Menyusul pengumuman yang dibuat minggu ini oleh Komisi Eropa mengenai industri otomotif, CLEPA, sebuah asosiasi yang menyatukan produsen peralatan Eropa, mengakui beberapa kemajuan, namun menunjukkan bahwa masih banyak hal yang belum diketahui.
Produsen peralatan yang terlupakan
CLEPA telah mencatat langkah positif pertama yang mendukung gagasan netralitas teknologi. Namun ia langsung khawatir dengan tindakan yang terlalu rumit (siapa bilang birokratis?) dan tidak cukup untuk menyelesaikan permasalahan industri otomotif. Oleh karena itu, tindakan-tindakan tersebut tidak akan efektif untuk mempertahankan perusahaan-perusahaan dan lapangan kerja di Eropa dalam menghadapi persaingan internasional (siapa bilang Tiongkok?).
Secara khusus, CLEPA menekankan bahwa topik terkait produsen peralatan tidak dibahas. Oleh karena itu, CLEPA mengingatkan bahwa hanya sejumlah kecil perusahaan yang dapat memanfaatkan ruang manuver yang ditawarkan. Selain itu, ketentuan ‘Buatan UE’ dalam peraturan yang direvisi hanya akan berlaku untuk kendaraan listrik berukuran kecil, yang berarti dampak keseluruhannya terhadap industri akan terbatas. Hal ini mungkin tidak cukup untuk memastikan bahwa produksi tetap berada di Eropa, yang merupakan kepentingan manufaktur utama di beberapa Negara Anggota. Menurut CLEPA, membatasi aturan “konten lokal Eropa” hanya pada kendaraan yang mendapat manfaat dari pendanaan publik kemungkinan akan mengurangi dampak tindakan tersebut.
Benjamin Krieger, Sekretaris Jenderal CLEPA, mengakui adanya keinginan kuat untuk mempercepat elektrifikasi dan memperkuat ketahanan, namun “langkah-langkah tersebut akan kehilangan efektivitasnya tanpa adanya batasan yang jelas dalam mendukung netralitas teknologi. Alih-alih meningkatkan daya saing, langkah-langkah tersebut berisiko membatasi peluang dan melemahkan kemampuan Eropa untuk menjadi pemimpin global dalam industri otomotif.”

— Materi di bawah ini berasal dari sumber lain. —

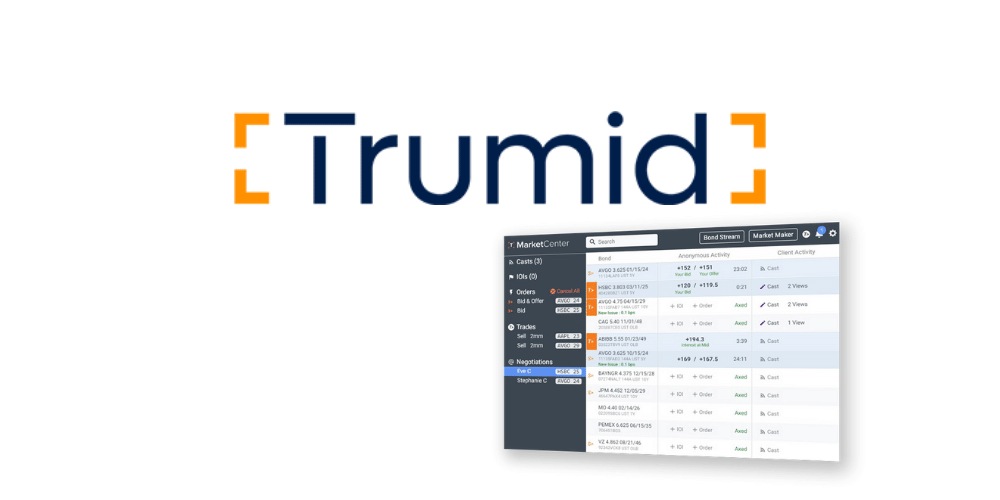 Historical Trumid Market Center trading interface shown in 2021 financing coverage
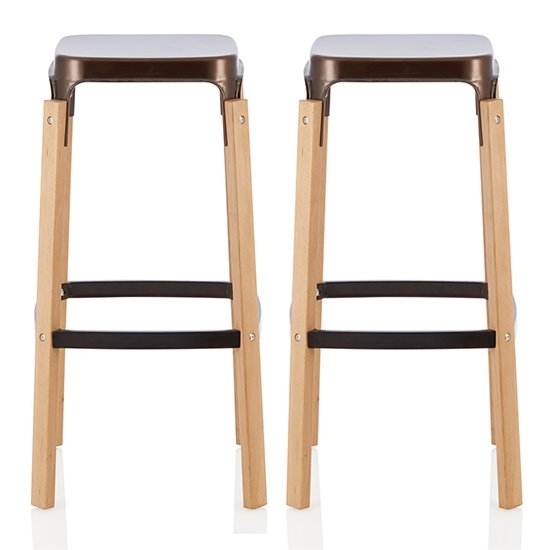 Amaranth Antique Bronze 66cm Metal Bar Stools In Pair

Perbedaan antara mendengarkan dan mendengar
CLEPA masih menunggu klarifikasi mengenai Undang-Undang Akselerator Industri (IAA) yang akan disahkan pada 28 Januari 2026. CLEPA juga mendesak Komisi Eropa untuk mempertimbangkan kekhawatiran yang semakin besar dari produsen peralatan. Tanpa adanya perubahan pada kebijakan Eropa, hampir 650.000 lapangan pekerjaan akan hilang di Eropa antara saat ini hingga tahun 2035, hanya di kalangan produsen peralatan saja; “Pada saat yang sama, akan ada kerangka kerja yang netral terhadap teknologi yang mengakui peran elektrifikasi, hibridisasi, dan bahan bakar terbarukan yang netral CO2.2sangat penting untuk memastikan pencapaian tujuan lingkungan tanpa mengorbankan daya saing atau pilihan konsumen,” kata CLEPA. Permintaan yang juga dapat diterapkan pada kendaraan industri yang menghadapi tantangan yang sama.
“Kami berharap untuk mendapatkan lebih banyak masukan dari Komisi Eropa, mengingat dukungan besar dari Parlemen dan Dewan Eropa untuk pendekatan yang lebih kuat,” siaran pers CLEPA menyimpulkan.